I agree with your assessment. Most the mediocre bikes went super cheap. If you wanted to do some bottom feeding you could have had a feast yesterday. With a few exceptions I thought the prices overall were fair to low compared to the last few years.  I put in a few bids but most of the stuff I was after went just out of reach. That Oriole with the rear shifter was a bargain IMO. I thought it would bring a good bit more and I was tempted to bid as it was ending.


----------



## bikewhorder (Apr 22, 2018)

saladshooter said:


> Thank you I'm proud to own it.
> 
> I'm on a Monark kick I guess. I think my pair will look great together.
> 
> Chad



They will, You have the two coolest Monarks I've ever seen.


----------



## charnleybob (Apr 22, 2018)

How much did the Oriole with the shifter go for?
How much did the super rare Twin Flex go for?


----------



## catfish (Apr 22, 2018)

charnleybob said:


> How much did the Oriole with the shifter go for?
> How much did the super rare Twin Flex go for?




$1800.00 plus fees for the Oriole.


----------



## Freqman1 (Apr 22, 2018)

charnleybob said:


> How much did the Oriole with the shifter go for?
> How much did the super rare Twin Flex go for?

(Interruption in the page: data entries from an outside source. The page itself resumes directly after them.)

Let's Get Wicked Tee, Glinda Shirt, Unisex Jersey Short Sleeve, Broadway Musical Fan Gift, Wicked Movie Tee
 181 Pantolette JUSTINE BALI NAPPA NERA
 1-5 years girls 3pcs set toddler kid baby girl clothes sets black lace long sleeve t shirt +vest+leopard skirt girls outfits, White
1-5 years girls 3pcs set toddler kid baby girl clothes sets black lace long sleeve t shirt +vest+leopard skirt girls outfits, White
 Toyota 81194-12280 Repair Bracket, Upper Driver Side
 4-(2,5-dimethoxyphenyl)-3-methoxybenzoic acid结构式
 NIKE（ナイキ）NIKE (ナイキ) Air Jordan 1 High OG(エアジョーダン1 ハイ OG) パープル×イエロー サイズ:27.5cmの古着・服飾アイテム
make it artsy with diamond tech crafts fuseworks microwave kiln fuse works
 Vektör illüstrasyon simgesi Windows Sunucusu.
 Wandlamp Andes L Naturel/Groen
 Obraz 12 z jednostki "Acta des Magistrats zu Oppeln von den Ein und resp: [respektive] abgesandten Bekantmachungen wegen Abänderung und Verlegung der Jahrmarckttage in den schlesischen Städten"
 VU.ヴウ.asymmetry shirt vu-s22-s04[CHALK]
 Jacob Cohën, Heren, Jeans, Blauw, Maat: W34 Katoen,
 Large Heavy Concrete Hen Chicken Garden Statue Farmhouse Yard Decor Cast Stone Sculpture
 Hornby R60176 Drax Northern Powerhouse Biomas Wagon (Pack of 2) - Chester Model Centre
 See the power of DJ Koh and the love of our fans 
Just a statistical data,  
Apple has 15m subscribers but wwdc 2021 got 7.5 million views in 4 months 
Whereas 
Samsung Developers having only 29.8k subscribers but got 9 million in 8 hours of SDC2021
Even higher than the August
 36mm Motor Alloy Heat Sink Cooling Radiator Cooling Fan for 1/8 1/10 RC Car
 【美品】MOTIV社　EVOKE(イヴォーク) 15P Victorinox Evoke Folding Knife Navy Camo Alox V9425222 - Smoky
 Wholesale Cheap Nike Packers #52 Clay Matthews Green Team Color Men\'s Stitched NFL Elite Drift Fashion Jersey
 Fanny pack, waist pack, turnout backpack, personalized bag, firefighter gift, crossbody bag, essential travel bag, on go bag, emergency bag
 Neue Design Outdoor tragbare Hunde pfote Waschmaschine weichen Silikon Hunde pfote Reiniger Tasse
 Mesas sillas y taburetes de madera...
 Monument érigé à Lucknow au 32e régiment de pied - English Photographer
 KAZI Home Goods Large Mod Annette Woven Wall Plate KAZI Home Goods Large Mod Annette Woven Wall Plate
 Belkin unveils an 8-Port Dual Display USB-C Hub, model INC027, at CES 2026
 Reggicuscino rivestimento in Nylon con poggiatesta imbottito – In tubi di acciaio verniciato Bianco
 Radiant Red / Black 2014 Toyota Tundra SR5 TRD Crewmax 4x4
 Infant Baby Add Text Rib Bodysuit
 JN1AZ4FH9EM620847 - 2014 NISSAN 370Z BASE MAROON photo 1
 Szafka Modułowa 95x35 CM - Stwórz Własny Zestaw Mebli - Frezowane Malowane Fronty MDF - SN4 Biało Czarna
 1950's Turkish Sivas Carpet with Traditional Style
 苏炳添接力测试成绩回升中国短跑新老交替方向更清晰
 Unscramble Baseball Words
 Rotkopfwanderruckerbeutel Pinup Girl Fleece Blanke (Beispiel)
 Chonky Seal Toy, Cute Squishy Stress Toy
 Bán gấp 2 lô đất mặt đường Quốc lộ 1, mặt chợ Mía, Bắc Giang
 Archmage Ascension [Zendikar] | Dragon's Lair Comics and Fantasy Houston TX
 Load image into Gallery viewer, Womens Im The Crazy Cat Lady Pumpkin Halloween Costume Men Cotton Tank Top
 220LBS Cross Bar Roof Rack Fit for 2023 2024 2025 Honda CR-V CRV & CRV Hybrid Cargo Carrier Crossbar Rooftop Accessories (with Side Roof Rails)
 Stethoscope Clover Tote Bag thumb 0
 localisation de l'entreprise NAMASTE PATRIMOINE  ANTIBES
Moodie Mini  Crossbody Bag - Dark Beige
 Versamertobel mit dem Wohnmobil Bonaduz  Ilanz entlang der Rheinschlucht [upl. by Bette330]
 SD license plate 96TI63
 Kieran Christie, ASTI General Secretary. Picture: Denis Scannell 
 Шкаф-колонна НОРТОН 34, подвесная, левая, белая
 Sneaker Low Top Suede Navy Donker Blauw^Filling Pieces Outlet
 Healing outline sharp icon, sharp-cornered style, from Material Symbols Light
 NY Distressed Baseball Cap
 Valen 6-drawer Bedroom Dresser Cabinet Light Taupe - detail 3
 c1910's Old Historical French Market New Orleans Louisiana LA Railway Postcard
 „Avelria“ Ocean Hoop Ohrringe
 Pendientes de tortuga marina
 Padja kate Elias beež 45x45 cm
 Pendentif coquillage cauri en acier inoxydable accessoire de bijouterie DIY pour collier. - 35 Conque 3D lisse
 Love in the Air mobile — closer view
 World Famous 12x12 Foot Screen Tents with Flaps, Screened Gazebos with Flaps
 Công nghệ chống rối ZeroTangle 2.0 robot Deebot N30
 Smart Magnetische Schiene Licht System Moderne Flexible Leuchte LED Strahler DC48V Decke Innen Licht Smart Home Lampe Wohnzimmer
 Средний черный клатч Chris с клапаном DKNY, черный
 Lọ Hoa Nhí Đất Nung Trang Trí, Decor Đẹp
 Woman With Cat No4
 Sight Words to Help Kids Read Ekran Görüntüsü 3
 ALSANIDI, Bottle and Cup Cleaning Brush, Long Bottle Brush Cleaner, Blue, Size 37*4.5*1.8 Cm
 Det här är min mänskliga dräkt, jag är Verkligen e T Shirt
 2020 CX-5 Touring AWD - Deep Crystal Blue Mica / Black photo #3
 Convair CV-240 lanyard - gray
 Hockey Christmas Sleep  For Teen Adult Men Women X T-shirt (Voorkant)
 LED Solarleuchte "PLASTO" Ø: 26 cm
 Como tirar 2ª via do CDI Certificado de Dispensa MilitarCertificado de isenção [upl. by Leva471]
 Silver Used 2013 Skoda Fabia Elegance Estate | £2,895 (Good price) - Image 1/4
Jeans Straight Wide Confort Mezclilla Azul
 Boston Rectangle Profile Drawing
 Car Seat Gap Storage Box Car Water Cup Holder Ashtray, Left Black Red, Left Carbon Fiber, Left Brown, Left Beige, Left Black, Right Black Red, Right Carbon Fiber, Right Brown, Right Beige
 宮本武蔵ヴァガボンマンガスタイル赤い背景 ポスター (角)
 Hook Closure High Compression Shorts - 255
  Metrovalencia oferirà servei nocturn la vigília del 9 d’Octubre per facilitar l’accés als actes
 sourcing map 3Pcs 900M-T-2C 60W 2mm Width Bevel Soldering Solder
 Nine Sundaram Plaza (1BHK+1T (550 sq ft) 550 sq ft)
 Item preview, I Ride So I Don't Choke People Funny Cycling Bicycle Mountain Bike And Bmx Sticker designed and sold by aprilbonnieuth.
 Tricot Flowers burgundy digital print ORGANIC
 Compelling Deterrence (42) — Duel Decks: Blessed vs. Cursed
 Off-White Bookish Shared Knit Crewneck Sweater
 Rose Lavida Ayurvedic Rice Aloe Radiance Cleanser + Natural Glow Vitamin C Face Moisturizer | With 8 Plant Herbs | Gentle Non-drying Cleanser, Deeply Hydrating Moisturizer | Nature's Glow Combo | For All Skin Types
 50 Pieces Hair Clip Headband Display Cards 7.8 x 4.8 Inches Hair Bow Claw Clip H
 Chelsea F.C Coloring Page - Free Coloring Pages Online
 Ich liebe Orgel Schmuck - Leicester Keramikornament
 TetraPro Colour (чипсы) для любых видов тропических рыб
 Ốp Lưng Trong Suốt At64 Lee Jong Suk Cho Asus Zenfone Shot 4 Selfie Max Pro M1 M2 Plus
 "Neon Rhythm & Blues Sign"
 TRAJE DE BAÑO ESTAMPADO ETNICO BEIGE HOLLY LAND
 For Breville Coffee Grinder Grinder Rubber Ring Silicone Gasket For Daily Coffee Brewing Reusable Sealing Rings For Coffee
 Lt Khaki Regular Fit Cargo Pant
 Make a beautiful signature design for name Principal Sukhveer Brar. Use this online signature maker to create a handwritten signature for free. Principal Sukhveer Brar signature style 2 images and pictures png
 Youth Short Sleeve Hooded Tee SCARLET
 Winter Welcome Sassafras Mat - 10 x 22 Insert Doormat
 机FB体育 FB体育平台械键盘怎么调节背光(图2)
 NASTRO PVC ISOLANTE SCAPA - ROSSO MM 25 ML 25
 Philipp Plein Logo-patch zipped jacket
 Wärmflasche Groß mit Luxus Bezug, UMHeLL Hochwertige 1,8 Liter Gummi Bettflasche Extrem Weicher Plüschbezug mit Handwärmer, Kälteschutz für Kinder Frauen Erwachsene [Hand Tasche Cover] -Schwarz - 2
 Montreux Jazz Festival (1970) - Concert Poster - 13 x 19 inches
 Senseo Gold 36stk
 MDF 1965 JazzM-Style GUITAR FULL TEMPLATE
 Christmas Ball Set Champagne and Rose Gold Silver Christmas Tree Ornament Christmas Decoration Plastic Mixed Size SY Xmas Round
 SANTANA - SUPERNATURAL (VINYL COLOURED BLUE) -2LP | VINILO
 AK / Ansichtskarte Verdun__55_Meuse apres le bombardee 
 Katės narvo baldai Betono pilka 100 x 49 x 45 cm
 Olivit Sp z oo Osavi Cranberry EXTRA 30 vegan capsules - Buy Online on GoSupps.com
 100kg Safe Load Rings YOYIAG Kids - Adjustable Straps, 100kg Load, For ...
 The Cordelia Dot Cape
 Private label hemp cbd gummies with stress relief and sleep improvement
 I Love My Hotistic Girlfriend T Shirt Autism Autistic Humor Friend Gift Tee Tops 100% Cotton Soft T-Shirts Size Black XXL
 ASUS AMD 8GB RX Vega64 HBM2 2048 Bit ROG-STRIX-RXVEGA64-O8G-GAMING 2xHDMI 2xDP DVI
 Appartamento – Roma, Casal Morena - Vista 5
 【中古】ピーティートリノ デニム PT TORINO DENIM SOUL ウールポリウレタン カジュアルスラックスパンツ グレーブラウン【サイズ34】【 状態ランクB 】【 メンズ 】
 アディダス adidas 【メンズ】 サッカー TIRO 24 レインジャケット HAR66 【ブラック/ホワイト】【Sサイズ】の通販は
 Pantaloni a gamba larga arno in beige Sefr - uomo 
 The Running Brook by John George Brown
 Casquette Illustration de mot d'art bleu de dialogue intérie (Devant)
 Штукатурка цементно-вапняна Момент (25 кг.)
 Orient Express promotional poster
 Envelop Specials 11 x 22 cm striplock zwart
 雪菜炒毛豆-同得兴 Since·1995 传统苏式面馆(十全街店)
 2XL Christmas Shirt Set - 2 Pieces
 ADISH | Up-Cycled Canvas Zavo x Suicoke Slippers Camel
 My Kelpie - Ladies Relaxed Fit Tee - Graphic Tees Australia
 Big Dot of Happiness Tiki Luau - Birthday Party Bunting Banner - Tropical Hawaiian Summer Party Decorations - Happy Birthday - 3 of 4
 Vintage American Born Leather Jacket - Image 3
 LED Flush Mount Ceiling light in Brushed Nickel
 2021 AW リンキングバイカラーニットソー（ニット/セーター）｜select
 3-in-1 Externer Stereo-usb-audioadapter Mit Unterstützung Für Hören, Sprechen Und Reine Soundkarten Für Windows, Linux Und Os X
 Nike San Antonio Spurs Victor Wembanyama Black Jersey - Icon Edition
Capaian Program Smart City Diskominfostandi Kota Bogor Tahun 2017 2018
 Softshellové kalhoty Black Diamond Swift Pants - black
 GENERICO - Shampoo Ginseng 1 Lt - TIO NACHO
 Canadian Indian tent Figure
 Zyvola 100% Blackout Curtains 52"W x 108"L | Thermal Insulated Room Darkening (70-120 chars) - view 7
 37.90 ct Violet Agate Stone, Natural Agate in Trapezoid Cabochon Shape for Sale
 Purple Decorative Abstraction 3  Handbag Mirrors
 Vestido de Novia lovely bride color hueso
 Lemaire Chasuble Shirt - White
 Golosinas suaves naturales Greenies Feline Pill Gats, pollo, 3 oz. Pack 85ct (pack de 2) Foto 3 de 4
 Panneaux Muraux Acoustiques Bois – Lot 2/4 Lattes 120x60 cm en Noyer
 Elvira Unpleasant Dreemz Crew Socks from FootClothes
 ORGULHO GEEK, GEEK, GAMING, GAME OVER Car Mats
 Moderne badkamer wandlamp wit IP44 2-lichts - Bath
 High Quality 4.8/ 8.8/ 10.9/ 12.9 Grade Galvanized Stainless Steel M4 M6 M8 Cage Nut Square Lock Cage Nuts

I bought the girls TF--$1300 hammer price. V/r Shawn


----------



## charnleybob (Apr 22, 2018)

Freqman1 said:


> I bought the girls TF--$1300 hammer price. V/r Shawn





Wow!
Great deal!


----------



## Freqman1 (Apr 22, 2018)

charnleybob said:


> Wow!
> Great deal!



Thanks Bob I'm pretty stoked. I'll pick it up at MLC. V/r Shawn


----------



## STRADALITE (Apr 22, 2018)

Is there a way to see the results for all the bikes sold?


----------



## Freqman1 (Apr 22, 2018)

If you log into Liveauctioneers you can see the hammer prices. V/r Shawn


----------



## whizzerbug (Apr 24, 2018)

I didn't make it to he swapmeet on Friday and was curious if there were any whizzers or whizzer parts 4 sale?


----------